If we terminate Mr. Porter’s employment without cause, if Mr. Porter terminates for good reason, or if we do not renew his employment agreement, pursuant to his employment agreement, he shall be entitled to: (i) a lump sum payment equal to 1.5 times his then current annual base salary; (ii) a cash payment in lieu of a bonus equal to the greater of (a) 1.5 times the average annual bonus he received for the five fiscal year period ending with our last completed fiscal year prior to the termination or (b) his annual bonus target as established by our Board for our last completed fiscal year prior to the termination, the foregoing when combined with (i) not to exceed two times the executive’s then current annual base salary; and (ii) to the extent permitted by the 401(k) Plan and BRP, crediting of any Company contribution attributable to the plan year of the termination and accelerated vesting of any unvested Company contributions to such accounts.

If we terminate Ms. Smith’s, Mr. Lawrence’s, Ms. Absher’s or Ms. Durbin’s employment without cause, if he or she terminates for good reason, or if we do not renew his or her employment agreement, pursuant to their respective employment agreements, such executive will be entitled to: (i) an amount equal to two times the executive’s then current annual base salary; and (ii) to the extent permitted by the 401(k) Plan and BRP, crediting of any Company contribution attributable to the plan year of the termination and accelerated vesting of any unvested Company contributions to such accounts.

Under Ms. Smith’s Mr. Porter’s, Mr. Lawrence’s, Ms. Absher’s and Ms. Durbin’s employment agreements, “cause” is defined as the executive’s: (i) theft, embezzlement, fraud, financial impropriety, any other act of dishonesty relating to such executive’s employment or any willful violation of Company policies or directives or laws, rule or regulations applicable to CMC; (ii) willful commission of acts that would support the finding of a felony or lesser crime involving fraud, dishonesty, misappropriation or moral turpitude; (iii) failure to perform the duties and obligations under such executive’s employment agreement; or (iv) commission of an act in performing such executive’s duties amounting to gross negligence or willful misconduct.

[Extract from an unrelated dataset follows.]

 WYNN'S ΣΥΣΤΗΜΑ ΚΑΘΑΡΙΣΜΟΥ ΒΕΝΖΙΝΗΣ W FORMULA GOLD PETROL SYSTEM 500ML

Under Mr. Porter’s employment agreement, “good reason” is defined as our breach of the agreement, a significant reduction in the executive’s responsibilities or compensation, or our requiring the executive to work at a location more than 50 miles from our current location. Under Ms. Smith’s, Mr. Lawrence’s, Ms. Absher’s and Ms. Durbin’s employment agreements, “good reason” is defined as our breach of the agreement or a significant reduction in the executive’s responsibilities or compensation.

EECAs.    In August 2020, each of the then serving NEOs entered into an amended and restated EECA. The EECA is intended to ensure that we will have the continued attention and dedication of the executive during events that might lead to, and in the event of, a Change in Control of the Company. Should a Change in Control occur, we have agreed to continue to employ each executive for a period of two years thereafter (the “Employment Period”). The EECAs terminate two years after a Change in Control.

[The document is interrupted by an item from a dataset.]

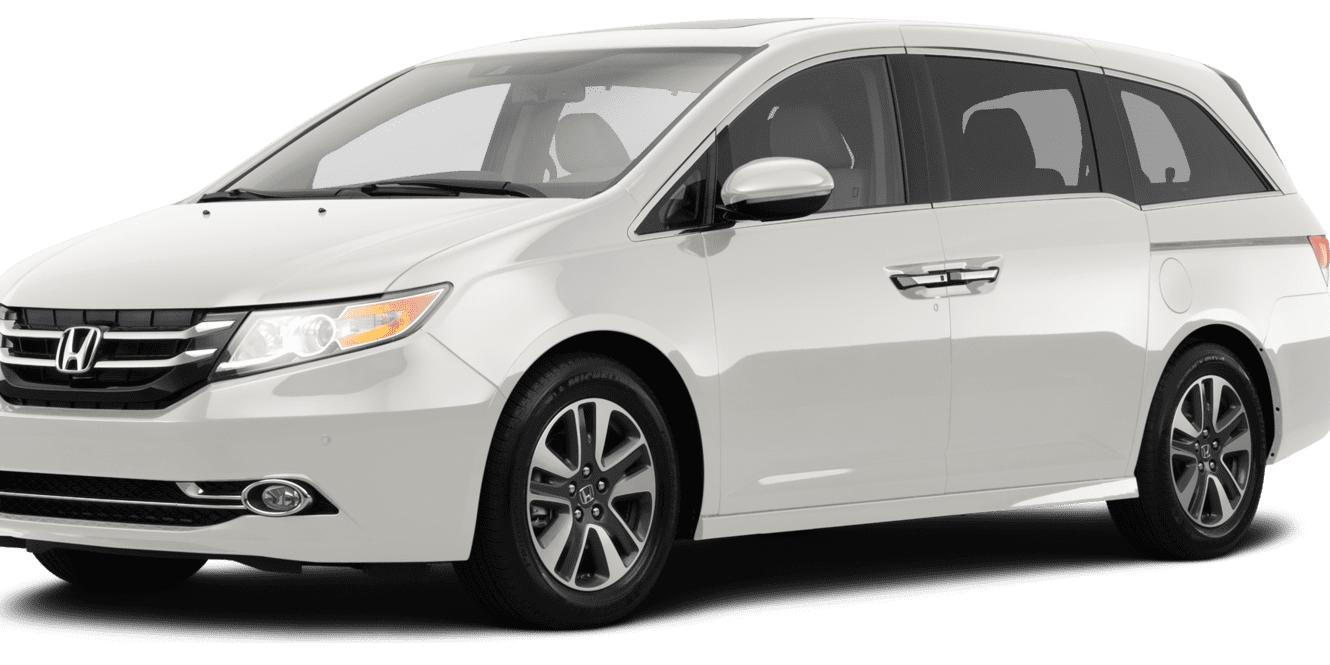 HONDA ODYSSEY 2014 5FNRL5H98EB137565 image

During the Employment Period, each executive will continue to receive: (i) an annual base salary equal to at least the executive’s base salary before the Change in Control; (ii) cash bonus opportunities equivalent to that available to the executive under our annual and long-term cash incentive plans in effect immediately preceding the Change in Control; and (iii) continued participation in all incentive plans, including equity incentive, savings, deferred compensation, retirement plans, welfare benefit plans and other employee benefits on terms no less favorable than those in effect during the 90-day period immediately preceding the Change in Control.

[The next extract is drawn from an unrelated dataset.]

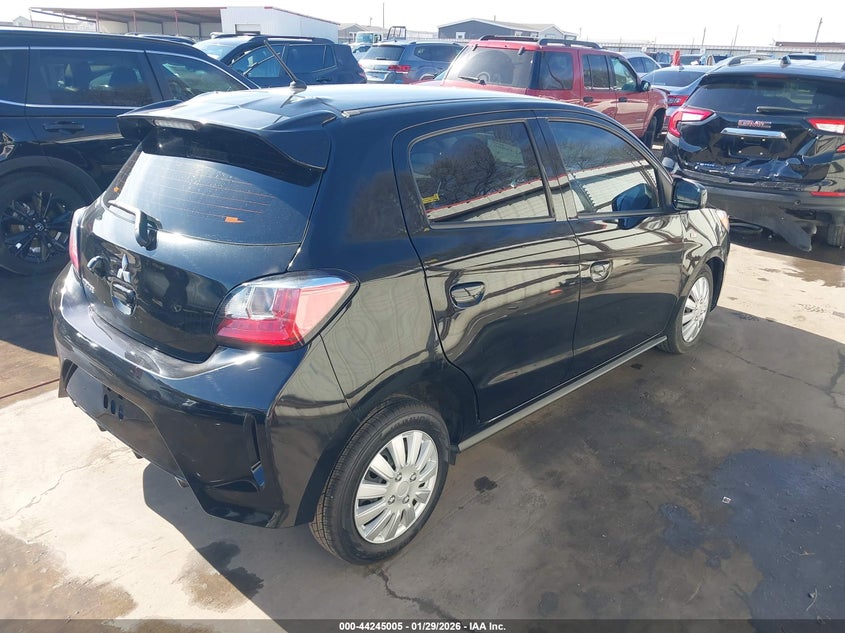 2021 Mitsubishi Mirage Carbonite Edition/Es/Le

If the executive’s employment is terminated during the Employment Period for other than cause or disability (including Constructive Termination (as defined below)), the EECA requires us to pay certain severance benefits to the executive in a lump sum within 30 days following termination. The severance benefits for Mses. Smith, Absher and Durbin and Messrs. Porter and Lawrence include an amount equal to unpaid salary, vacation pay and certain other amounts considered to have been earned prior to termination as well as two times the sum of (i) the highest annual base salary in effect at any time during the five year period prior to the Change in Control and (ii) the executive’s target cash bonus opportunity for the performance period in which the termination date occurs.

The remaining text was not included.